About ten months after he was officially diagnosed, a team of researchers was assembled to find and repurpose drugs that have already received FDA approval in an effort to discover a viable treatment. Quickly, they identified a drug that demonstrated the ability to treat skeletal symptoms of the condition. When they were given to Raghav, unfortunately, they were not effective. He is still unable to swallow, chew, talk, stand, hold up his head, or sit.
His story is similar to that of other rare disease patients; they are unable to find an effective treatment.
Rare Disease Research and Treatments
Rare disease research faces a number of obstacles: limited funding, low awareness, and a lack of interest as a few. This lack of research leads to a lack of therapies, leaving many patients without treatment. While minimal research stops drug development, the technology to create viable therapies for rare diseases exists. Gene editing, antisense oligonucleotides, and gene replacement therapy have the potential to be used as a therapy many rare diseases, yet 95% of these conditions go without an FDA approved treatment.
Improvements must be made to the drug development system that allow for rare disease patients to receive the same benefits that other patients do. StatNews proposes three strategies to do so.

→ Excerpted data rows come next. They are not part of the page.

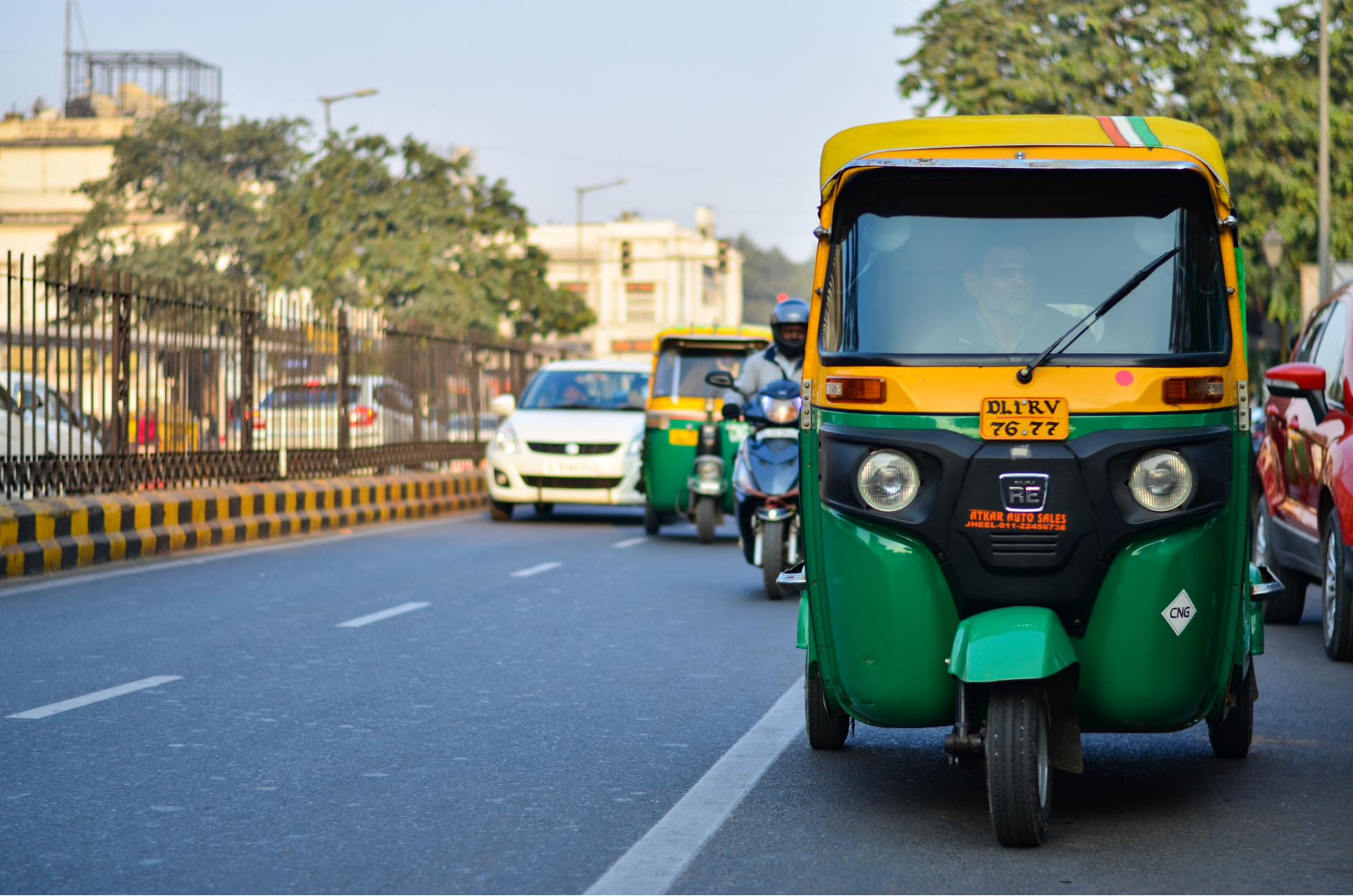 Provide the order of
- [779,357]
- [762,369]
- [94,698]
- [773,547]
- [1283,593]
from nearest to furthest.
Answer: [94,698] < [1283,593] < [773,547] < [779,357] < [762,369]

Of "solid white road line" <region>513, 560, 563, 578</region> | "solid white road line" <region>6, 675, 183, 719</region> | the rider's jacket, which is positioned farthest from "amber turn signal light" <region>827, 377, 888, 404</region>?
"solid white road line" <region>513, 560, 563, 578</region>

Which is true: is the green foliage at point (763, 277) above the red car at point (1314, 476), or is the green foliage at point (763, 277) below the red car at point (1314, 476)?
above

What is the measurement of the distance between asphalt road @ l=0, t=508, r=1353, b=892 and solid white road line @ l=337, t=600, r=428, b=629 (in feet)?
0.41

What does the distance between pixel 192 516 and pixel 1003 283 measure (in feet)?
35.5

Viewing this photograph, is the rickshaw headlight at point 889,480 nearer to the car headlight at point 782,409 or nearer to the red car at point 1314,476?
the red car at point 1314,476

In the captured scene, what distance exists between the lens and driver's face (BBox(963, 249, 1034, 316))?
518cm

Focus Early-Stage Drug Development on Patients
For a long time, many rare conditions were seen as a “death sentence,” causing drug developers to ignore them. It was due to the endless effort of patients and advocates that led the charge to raise money, found organizations, and fund research.

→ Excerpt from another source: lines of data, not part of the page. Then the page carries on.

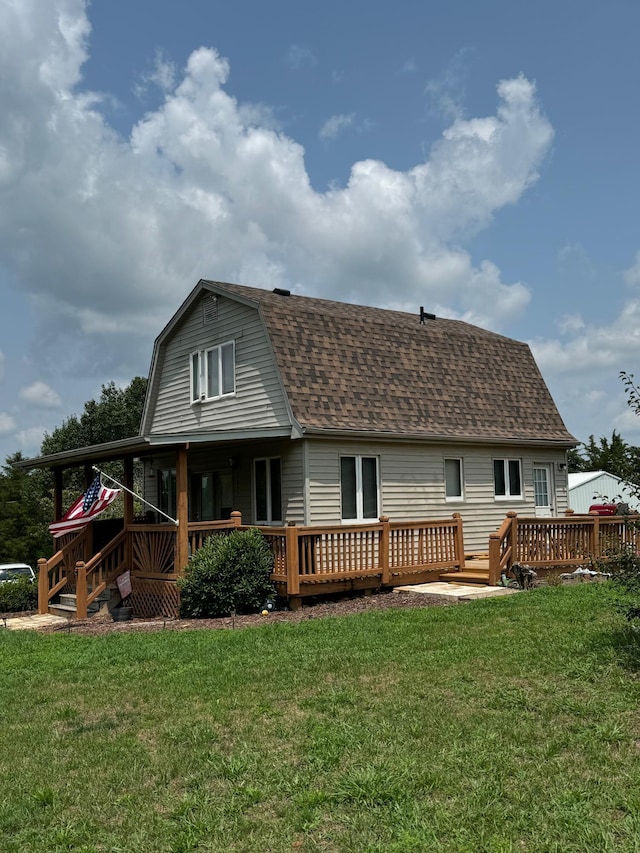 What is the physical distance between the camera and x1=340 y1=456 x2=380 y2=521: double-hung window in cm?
1595

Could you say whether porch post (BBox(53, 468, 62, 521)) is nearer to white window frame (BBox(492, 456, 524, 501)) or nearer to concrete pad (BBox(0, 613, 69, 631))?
concrete pad (BBox(0, 613, 69, 631))

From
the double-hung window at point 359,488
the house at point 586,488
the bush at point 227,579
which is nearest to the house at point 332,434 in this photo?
the double-hung window at point 359,488

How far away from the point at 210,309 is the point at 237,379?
226cm

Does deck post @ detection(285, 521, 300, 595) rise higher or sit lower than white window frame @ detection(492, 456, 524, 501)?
lower

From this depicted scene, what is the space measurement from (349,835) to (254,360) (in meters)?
13.4

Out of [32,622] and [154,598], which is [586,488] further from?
[32,622]

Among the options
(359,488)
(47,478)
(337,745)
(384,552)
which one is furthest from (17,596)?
(47,478)

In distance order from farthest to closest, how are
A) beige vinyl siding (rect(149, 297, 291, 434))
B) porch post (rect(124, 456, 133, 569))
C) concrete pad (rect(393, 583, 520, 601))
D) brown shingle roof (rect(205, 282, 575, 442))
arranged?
beige vinyl siding (rect(149, 297, 291, 434)) < brown shingle roof (rect(205, 282, 575, 442)) < porch post (rect(124, 456, 133, 569)) < concrete pad (rect(393, 583, 520, 601))

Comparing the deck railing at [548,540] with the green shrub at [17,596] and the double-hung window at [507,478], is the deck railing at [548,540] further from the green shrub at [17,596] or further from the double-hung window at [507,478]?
the green shrub at [17,596]

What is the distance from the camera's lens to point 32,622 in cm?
1498

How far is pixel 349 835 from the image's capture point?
4.33m

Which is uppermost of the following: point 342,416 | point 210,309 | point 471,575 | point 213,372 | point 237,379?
point 210,309

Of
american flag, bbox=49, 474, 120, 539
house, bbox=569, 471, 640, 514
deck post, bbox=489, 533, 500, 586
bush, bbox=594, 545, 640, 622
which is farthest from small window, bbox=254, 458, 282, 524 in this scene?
house, bbox=569, 471, 640, 514

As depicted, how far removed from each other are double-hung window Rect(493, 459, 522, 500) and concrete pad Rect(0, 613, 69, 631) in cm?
1039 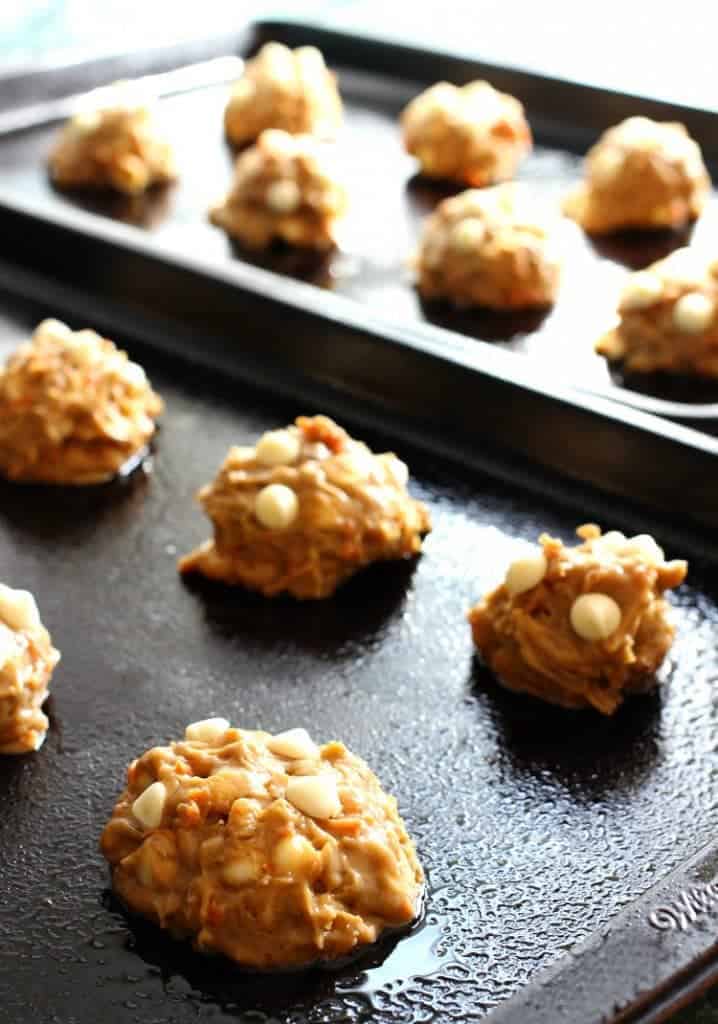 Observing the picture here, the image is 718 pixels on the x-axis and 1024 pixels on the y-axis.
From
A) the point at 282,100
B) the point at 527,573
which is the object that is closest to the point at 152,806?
the point at 527,573

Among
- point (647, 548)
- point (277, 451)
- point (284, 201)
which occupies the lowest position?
point (284, 201)

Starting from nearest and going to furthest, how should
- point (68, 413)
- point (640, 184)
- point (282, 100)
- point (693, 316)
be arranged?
1. point (68, 413)
2. point (693, 316)
3. point (640, 184)
4. point (282, 100)

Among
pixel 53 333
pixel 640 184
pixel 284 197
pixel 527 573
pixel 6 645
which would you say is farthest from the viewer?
pixel 640 184

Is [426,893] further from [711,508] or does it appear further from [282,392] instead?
[282,392]

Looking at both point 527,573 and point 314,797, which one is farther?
point 527,573

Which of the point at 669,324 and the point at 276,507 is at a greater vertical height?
the point at 669,324

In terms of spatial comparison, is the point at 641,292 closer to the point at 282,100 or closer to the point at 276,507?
the point at 276,507

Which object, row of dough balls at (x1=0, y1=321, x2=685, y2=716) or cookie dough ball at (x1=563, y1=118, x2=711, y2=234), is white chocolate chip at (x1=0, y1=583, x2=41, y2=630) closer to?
row of dough balls at (x1=0, y1=321, x2=685, y2=716)

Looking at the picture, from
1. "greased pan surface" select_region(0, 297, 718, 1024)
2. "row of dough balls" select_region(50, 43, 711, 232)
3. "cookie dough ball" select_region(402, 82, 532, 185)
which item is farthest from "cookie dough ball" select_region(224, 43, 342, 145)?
"greased pan surface" select_region(0, 297, 718, 1024) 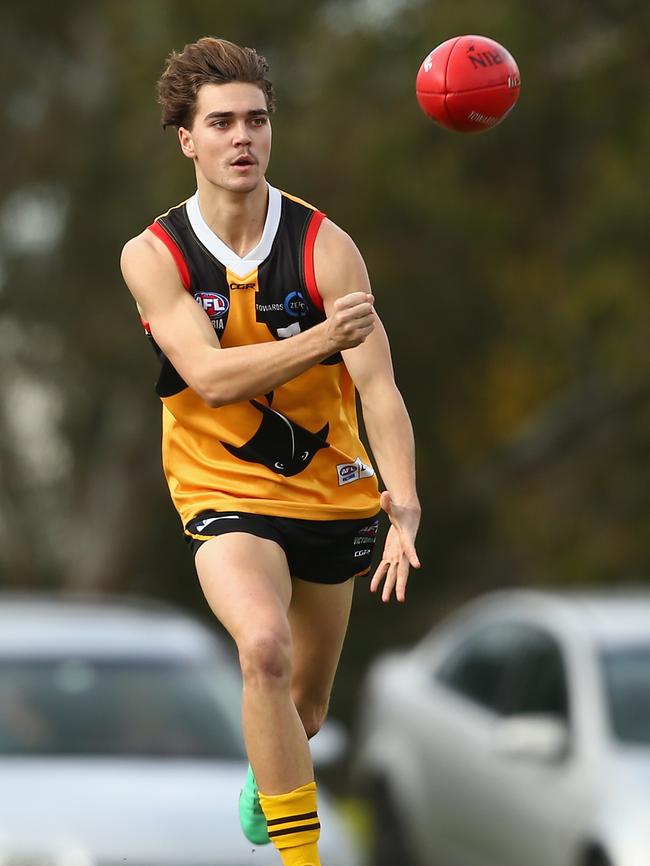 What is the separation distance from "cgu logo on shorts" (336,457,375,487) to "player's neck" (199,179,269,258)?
713mm

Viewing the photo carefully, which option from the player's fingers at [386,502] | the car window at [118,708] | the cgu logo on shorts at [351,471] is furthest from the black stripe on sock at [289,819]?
the car window at [118,708]

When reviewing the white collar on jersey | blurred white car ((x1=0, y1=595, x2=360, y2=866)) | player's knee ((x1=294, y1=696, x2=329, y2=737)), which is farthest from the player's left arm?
blurred white car ((x1=0, y1=595, x2=360, y2=866))

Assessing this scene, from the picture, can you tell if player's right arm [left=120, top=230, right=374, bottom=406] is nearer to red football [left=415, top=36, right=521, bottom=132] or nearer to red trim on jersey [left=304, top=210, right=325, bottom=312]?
red trim on jersey [left=304, top=210, right=325, bottom=312]

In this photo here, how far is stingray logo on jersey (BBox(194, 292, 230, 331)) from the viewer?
5.45 metres

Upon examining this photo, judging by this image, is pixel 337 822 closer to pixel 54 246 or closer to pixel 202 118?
pixel 202 118

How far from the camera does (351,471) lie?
5.78m

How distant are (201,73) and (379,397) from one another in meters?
1.04

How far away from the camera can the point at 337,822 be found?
8602mm

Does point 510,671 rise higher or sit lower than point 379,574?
lower

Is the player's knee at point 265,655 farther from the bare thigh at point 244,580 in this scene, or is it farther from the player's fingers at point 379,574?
the player's fingers at point 379,574

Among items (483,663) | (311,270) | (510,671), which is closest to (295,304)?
(311,270)

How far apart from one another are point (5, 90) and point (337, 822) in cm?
1507

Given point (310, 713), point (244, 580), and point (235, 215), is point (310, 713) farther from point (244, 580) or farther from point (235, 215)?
point (235, 215)

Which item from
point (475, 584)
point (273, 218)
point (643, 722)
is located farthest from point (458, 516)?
A: point (273, 218) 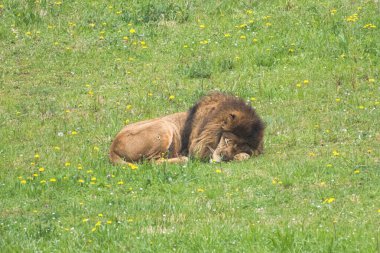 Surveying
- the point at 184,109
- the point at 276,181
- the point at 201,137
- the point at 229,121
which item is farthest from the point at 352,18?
the point at 276,181

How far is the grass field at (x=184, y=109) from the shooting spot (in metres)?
8.73

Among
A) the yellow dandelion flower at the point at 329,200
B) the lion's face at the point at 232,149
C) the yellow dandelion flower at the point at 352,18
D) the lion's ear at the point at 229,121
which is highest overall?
the yellow dandelion flower at the point at 329,200

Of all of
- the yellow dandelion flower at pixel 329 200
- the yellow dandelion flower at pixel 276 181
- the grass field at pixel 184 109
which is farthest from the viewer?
the yellow dandelion flower at pixel 276 181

While private foundations and national patient organizations offer help to help rare disease patients through advocacy and other resources, there needs to be increased funding so that thousands of these organizations can continue to do their work.
Use Platforms to Find Therapies for Ultra-Rare Diseases
Strategies have already been created to aid in the search for rare disease treatments:
- The Bespoke Gene Therapy Consortium lowers the price of gene therapy development by utilizing master regulatory files, streamlined templates, and a singular production process
- Antisense oligonucleotide technology developed by the n-Lorem Foundation create treatments for individual rare diseases
- The Columbus Children’s Foundation has created an approach to make the drug development process more affordable, accessible, and efficient
These strategies have not only been developed to aid in the creation of rare disease treatments, but they will aid in the drug development for common conditions as well.
More Public Policy to Create Incentives to Invest
In order for there to be true improvements in the drug development process, there needs to be legislative and regulatory changes paired spurred by incentives. Historically, policy has led to treatment development, with examples like the Orphan Drug Act of 1983 and Pediatric Priority Review Voucher Program. Now, it’s time for further legislative change to lead to further improvements.
Looking Forward
The strategies listed are not the only efforts that should be made to help rare disease patients. There must be advances in diagnosis, regulatory science, and clinical development. Patient organizations have had past success, and other organizations need to follow their lead. By taking an approach that is centered on the patient, there will be the most improvement for even the rarest conditions.